Task requirements: Go through the entries, filter for the word "icon", and copy every line that has it.

(Dataset records)
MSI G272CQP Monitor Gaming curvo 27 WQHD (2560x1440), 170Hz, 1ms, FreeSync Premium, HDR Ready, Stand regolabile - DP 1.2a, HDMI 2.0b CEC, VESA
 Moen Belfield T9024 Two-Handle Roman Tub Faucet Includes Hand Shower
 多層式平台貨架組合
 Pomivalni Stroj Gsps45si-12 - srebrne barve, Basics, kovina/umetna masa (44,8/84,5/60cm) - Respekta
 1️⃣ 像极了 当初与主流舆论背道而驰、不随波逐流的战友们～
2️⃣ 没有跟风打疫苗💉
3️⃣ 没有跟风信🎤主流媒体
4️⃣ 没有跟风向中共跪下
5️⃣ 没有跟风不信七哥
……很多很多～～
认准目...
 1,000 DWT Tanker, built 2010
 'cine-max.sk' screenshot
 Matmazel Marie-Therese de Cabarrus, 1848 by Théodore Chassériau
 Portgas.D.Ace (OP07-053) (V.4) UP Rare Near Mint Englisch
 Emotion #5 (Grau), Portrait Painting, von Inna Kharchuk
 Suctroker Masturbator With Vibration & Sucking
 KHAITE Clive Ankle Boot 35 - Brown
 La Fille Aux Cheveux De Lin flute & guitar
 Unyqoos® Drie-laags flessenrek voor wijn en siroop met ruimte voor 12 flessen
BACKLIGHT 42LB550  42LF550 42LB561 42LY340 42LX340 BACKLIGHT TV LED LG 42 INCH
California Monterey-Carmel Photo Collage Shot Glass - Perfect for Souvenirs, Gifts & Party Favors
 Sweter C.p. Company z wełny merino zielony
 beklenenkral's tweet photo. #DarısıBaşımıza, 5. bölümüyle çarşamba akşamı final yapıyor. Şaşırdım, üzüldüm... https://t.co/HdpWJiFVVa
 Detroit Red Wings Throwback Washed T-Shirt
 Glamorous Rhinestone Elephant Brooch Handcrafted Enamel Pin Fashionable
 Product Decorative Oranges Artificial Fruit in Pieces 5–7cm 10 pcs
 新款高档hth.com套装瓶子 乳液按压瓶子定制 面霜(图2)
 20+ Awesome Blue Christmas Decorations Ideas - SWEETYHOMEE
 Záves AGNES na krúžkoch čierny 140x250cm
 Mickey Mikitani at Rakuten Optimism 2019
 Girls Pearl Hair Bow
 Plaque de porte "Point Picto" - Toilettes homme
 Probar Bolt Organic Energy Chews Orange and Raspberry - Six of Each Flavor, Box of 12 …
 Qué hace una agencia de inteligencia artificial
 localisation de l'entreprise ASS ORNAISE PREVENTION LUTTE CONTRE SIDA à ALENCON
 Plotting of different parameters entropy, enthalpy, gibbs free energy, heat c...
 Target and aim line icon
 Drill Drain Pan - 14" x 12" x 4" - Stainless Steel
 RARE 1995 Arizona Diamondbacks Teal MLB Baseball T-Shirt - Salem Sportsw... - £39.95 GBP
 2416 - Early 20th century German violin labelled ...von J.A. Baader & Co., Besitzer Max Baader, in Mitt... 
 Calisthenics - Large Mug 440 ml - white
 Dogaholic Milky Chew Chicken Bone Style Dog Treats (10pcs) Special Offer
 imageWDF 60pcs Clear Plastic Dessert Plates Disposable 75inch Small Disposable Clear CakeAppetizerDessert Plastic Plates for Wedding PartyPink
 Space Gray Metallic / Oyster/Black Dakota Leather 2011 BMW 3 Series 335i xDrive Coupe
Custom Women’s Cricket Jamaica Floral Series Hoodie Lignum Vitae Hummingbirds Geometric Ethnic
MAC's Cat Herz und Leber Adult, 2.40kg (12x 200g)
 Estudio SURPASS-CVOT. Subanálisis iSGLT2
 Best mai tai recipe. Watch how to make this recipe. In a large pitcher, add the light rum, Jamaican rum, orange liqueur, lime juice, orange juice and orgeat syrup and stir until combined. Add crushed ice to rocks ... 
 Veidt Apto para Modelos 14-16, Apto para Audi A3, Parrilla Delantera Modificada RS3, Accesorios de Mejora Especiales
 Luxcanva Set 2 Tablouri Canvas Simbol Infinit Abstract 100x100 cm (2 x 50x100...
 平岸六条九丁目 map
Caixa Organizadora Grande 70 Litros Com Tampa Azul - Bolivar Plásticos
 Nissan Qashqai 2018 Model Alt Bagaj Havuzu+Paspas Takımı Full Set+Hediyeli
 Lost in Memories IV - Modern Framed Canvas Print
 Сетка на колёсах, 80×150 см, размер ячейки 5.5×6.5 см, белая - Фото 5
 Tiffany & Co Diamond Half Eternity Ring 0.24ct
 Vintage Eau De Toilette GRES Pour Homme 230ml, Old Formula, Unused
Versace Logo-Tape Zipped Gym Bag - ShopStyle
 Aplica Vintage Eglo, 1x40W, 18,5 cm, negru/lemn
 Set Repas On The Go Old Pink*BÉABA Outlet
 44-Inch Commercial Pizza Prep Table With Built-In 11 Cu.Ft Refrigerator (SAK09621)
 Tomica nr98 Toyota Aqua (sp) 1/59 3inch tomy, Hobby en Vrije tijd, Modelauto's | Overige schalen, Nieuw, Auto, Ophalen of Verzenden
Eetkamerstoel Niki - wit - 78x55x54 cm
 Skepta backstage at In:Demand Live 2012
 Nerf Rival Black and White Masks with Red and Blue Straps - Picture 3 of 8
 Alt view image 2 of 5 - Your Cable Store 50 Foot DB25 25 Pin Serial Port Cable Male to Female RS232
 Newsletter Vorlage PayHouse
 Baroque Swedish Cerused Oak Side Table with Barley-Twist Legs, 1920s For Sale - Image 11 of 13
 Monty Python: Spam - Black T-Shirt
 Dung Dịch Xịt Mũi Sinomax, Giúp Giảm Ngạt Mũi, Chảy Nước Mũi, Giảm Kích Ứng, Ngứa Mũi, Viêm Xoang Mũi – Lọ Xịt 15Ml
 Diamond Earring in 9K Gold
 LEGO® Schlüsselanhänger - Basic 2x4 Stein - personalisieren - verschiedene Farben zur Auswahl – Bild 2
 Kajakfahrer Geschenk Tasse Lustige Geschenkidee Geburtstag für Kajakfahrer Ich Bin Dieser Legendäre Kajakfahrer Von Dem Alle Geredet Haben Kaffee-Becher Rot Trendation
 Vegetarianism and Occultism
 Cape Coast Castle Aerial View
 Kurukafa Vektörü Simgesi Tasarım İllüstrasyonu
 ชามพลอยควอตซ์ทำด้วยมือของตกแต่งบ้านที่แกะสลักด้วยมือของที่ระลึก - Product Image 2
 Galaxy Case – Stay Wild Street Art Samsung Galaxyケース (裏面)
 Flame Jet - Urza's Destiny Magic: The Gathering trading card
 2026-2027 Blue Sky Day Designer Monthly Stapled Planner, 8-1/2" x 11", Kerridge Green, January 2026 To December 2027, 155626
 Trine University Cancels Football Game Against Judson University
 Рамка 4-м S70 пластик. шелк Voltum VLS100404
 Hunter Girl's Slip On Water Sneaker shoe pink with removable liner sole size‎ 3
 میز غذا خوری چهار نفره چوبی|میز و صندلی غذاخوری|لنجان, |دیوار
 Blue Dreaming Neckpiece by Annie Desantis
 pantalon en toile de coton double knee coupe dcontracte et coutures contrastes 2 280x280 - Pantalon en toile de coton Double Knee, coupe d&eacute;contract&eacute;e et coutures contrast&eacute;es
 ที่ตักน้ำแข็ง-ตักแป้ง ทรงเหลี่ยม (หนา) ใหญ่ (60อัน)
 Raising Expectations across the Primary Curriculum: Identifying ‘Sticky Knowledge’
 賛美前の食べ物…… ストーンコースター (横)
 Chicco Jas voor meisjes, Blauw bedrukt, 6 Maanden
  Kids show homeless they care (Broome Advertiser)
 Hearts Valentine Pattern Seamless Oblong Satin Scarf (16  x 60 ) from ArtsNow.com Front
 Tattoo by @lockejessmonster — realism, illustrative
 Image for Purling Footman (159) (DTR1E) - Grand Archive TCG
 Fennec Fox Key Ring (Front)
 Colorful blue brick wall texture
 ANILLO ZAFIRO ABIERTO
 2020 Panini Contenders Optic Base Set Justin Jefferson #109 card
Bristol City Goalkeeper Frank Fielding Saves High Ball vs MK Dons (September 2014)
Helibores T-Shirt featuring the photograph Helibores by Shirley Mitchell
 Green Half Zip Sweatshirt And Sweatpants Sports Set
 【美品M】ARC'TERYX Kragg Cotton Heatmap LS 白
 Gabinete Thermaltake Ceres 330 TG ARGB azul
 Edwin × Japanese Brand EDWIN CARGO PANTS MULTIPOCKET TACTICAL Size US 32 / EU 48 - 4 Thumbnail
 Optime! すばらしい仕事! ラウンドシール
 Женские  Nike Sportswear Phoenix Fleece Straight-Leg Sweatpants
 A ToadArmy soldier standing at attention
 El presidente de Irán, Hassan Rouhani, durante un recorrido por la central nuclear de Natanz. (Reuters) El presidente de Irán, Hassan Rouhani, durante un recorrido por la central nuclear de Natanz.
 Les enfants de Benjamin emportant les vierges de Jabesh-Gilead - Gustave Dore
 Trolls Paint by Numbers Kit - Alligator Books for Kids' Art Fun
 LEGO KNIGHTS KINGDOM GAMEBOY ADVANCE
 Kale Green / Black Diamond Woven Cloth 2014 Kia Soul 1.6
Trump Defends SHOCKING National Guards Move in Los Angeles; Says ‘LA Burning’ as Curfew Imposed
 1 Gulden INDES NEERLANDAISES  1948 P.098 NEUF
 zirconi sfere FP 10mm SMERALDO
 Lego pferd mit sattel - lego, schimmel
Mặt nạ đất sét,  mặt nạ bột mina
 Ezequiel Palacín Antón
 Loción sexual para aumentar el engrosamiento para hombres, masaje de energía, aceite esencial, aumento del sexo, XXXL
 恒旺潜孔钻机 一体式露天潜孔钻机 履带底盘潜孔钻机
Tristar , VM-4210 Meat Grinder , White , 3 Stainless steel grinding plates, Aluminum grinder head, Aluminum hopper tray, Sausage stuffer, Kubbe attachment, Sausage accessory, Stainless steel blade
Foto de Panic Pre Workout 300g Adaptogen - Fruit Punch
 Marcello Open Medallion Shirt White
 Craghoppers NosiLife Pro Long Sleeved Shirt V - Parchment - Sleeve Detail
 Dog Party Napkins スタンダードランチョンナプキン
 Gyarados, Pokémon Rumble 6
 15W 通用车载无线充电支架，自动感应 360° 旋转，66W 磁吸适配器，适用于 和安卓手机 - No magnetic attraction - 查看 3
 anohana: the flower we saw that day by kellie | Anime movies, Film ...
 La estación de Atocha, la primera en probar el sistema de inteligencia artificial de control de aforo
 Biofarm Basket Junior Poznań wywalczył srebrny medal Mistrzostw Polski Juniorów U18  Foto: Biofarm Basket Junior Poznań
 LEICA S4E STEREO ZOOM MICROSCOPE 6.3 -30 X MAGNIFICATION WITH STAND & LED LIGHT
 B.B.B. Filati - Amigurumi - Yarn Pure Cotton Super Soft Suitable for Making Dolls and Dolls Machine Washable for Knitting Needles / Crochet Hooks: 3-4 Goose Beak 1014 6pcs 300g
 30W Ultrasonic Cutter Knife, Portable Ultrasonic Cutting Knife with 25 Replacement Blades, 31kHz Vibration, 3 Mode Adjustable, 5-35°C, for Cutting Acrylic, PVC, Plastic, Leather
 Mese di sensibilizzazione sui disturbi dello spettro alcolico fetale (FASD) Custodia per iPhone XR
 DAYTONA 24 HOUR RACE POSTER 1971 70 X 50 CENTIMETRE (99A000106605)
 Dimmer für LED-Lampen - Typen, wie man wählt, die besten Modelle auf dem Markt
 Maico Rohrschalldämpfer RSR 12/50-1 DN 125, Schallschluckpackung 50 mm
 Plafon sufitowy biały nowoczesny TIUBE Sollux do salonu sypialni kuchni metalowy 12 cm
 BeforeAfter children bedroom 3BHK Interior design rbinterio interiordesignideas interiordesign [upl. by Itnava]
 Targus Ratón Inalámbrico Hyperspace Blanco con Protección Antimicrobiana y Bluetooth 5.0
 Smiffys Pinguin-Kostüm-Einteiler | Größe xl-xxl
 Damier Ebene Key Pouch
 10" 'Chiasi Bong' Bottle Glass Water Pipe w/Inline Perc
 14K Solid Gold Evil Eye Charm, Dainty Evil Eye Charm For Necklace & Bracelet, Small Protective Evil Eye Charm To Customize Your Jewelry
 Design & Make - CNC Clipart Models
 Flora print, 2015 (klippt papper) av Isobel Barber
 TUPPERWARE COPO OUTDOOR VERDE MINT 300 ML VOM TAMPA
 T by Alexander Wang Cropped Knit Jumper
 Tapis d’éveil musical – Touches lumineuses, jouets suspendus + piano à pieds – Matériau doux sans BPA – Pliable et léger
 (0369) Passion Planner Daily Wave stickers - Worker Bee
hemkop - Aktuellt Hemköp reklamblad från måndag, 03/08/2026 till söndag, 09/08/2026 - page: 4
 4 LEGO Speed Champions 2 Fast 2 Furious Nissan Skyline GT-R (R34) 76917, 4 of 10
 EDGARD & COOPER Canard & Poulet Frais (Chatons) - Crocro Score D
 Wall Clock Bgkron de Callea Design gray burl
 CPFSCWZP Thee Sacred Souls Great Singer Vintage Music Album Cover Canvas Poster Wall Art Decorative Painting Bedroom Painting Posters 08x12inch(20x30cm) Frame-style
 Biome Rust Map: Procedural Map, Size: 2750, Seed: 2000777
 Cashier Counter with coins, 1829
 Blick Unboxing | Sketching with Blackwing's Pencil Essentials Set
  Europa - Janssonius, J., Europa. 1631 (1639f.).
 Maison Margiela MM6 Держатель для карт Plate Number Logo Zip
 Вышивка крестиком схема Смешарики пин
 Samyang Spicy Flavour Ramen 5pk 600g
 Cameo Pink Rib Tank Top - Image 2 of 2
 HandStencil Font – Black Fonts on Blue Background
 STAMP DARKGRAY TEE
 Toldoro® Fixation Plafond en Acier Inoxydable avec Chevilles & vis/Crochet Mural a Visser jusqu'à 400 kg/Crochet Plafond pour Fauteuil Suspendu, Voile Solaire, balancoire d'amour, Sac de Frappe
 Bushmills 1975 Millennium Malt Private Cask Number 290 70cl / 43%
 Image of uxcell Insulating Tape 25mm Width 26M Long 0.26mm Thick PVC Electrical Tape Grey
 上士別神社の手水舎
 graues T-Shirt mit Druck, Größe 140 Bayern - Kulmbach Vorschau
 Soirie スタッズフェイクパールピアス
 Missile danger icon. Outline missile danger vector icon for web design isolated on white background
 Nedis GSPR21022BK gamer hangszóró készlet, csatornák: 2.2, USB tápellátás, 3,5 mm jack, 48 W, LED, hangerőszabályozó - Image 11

Task solution:
 Target and aim line icon
 Missile danger icon. Outline missile danger vector icon for web design isolated on white background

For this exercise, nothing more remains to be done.